I always loved the visual aesthetic of dithering but never knew how it’s done. So I did some research. This article may contain traces of nostalgia and none of Lena.

How did I get here? (You can skip this)

I am late to the party, but I finally played “Return of the Obra Dinn”, the most recent game by Lucas Pope of “Papers Please” fame. Obra Dinn is a story puzzler that I can only recommend, but what piqued my curiosity as a software engineer is that it is a 3D game (using the Unity game engine) but rendered using only 2 colors with dithering. Apparently, this has been dubbed “Ditherpunk”, and I love that.

Screenshot of “Return of the Obra Dinn”.

Dithering, so my original understanding, was a technique to place pixels using only a few colors from a palette in a clever way to trick your brain into seeing many colors. Like in the picture, where you probably feel like there are multiple brightness levels when in fact there’s only two: Full brightness and black.

The fact that I have never seen a 3D game with dithering like this probably stems from the fact that color palettes are mostly a thing of the past. You may remember running Windows 95 with 16 colors and playing games like “Monkey Island” on it.

Windows 95 configured to use 16 colors. Now spend hours trying to find the right floppy disk with the drivers to get the “256 colors” or, *gasp*, “True Color” show up.

Screenshot of “The Secret of Monkey Island” using 16 colors.

For a long time now, however, we have had 8 bits per channel per pixel, allowing each pixel on your screen to assume one of 16 million colors. With HDR and wide gamut on the horizon, things are moving even further away to ever requiring any form of dithering. And yet Obra Dinn used it anyway and rekindled a long forgotten love for me. Knowing a tiny bit about dithering from my work on Squoosh, I was especially impressed with Obra Dinn’s ability to keep the dithering stable while I moved and rotated the camera through 3D space and I wanted to understand how it all worked.

As it turns out, Lucas Pope wrote a forum post where he explains which dithering techniques he uses and how he applies them to 3D space. He put extensive work into making the dithering stable when camera movements occur. Reading that forum post kicked me down the rabbit hole, which this blog post tries to summarize.

Dithering

What is Dithering?

According to Wikipedia, “Dither is an intentionally applied form of noise used to randomize quantization error”, and is a technique not only limited to images. It is actually a technique used to this day on audio recordings, but that is yet another rabbit hole to fall into another time. Let’s dissect that definition in the context of images. First up: Quantization.

Quantization

Quantization is the process of mapping a large set of values to a smaller, usually finite, set of values. For the remainder of this article, I am going to use two images as examples:

Example image #1: A black-and-white photograph of San Francisco’s Golden Gate Bridge, downscaled to 400x267 (higher resolution).

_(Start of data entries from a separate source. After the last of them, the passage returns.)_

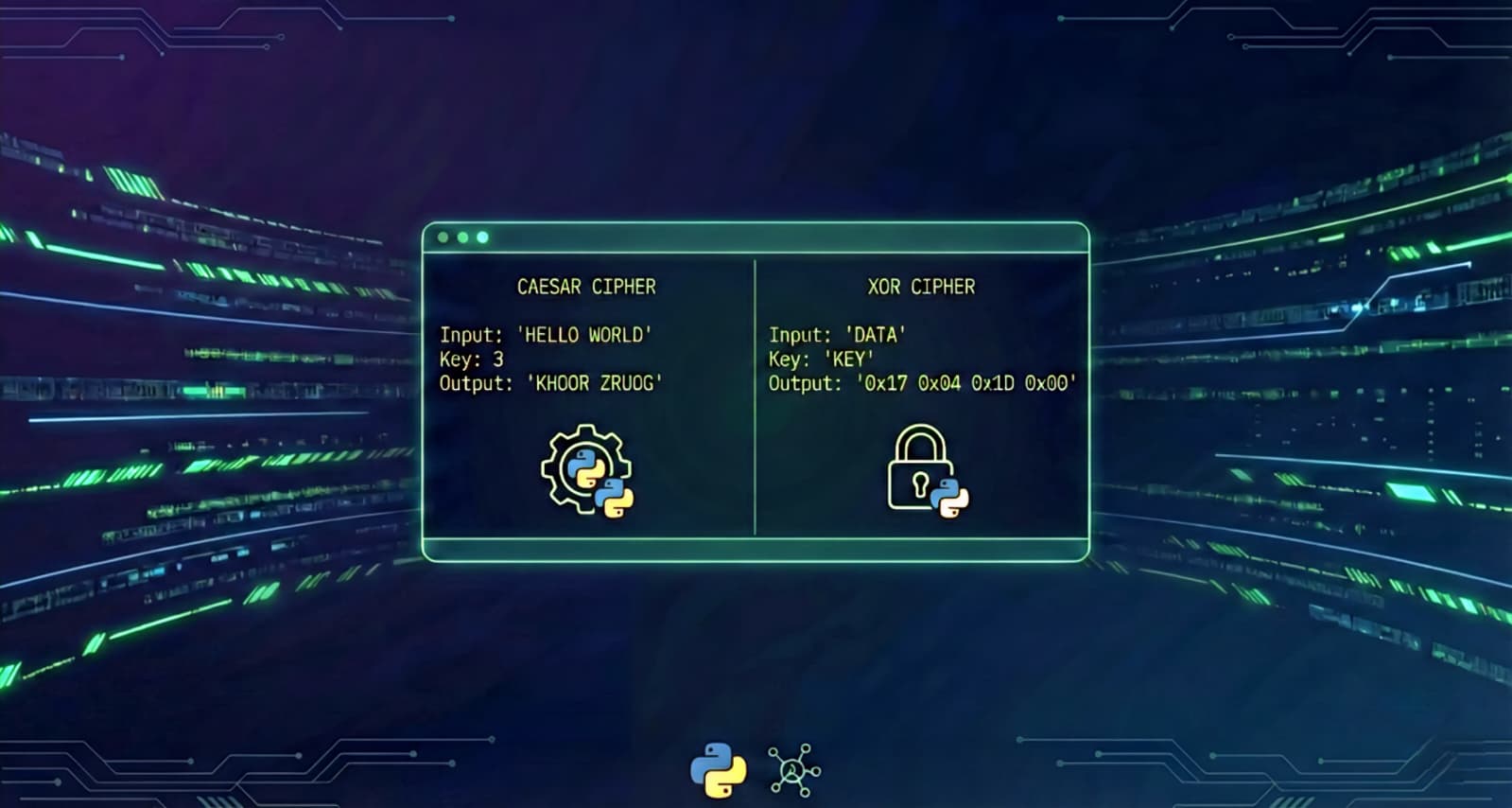 Proyecto: Caesar & XOR Encryptor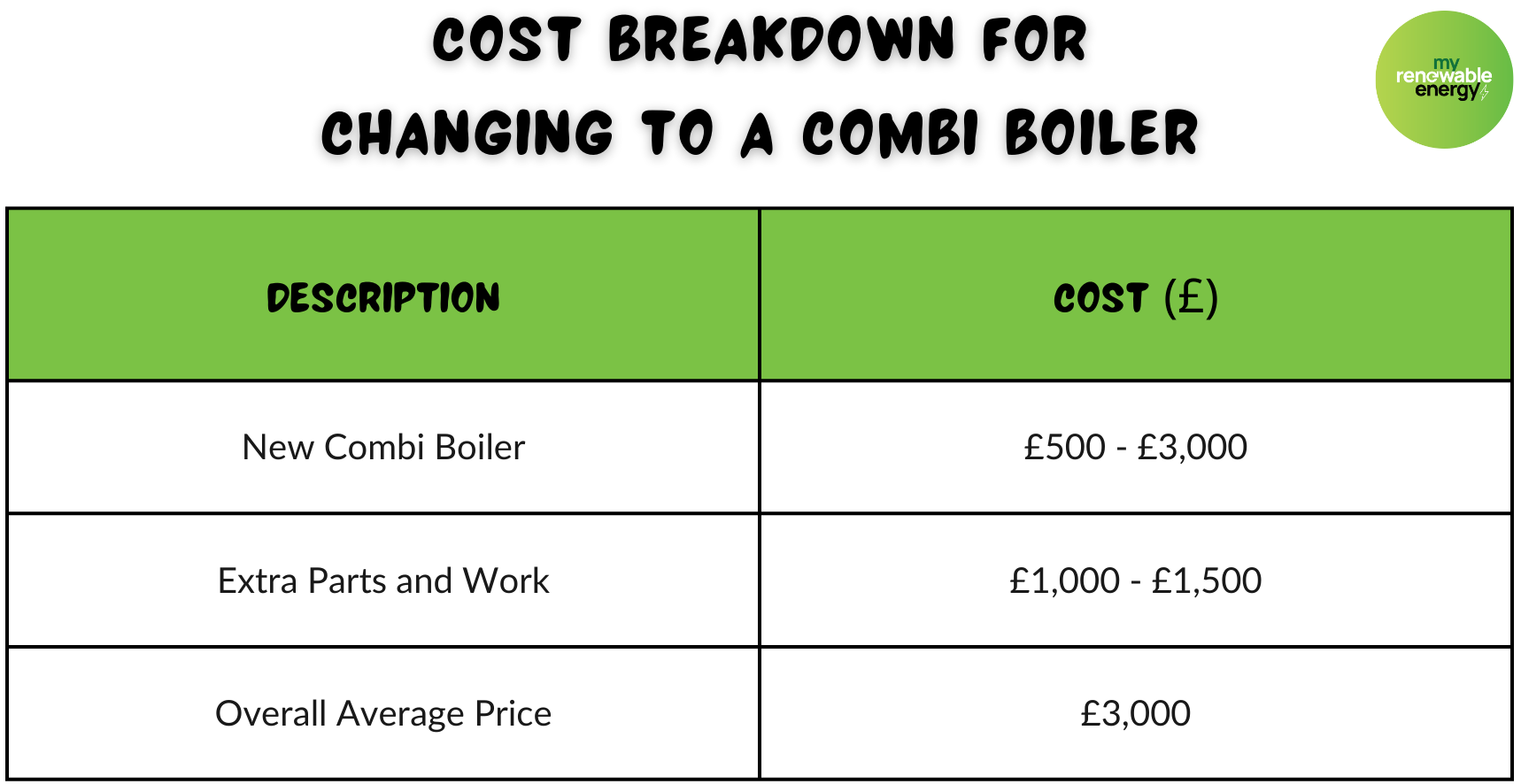 Cost Breakdown for Changing to a Combi Boiler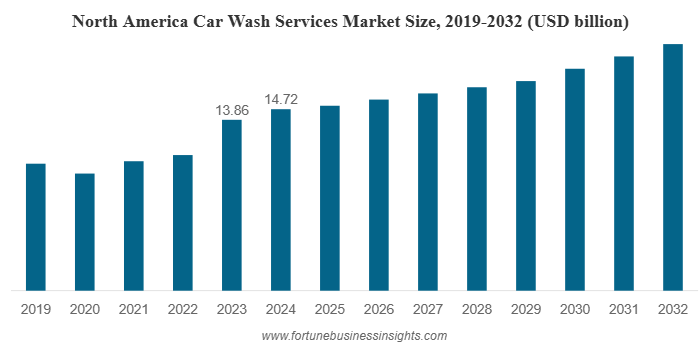Car Wash Services Market to Reach USD 54.51 Billion by 2032, Driven by Automation and Urban Demand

Example image #2: A black-and-white photograph of San Francisco’s Bay Bridge, downscaled to 253x400 (higher resolution).

Both black-and-white photos use 256 different shades of gray. If we wanted to use fewer colors — for example just black and white to achieve monochromaticity — we have to change every pixel to be either pure black or pure white. In this scenario, the colors black and white are called our “color palette” and the process of changing pixels that do not use a color from the palette is called “quantization”. Because not all colors from the original images are in the color palette, this will inevitably introduce an error called the “quantization error”. The naïve solution is to quantizer each pixel to the color in the palette that is closest to the pixel’s original color.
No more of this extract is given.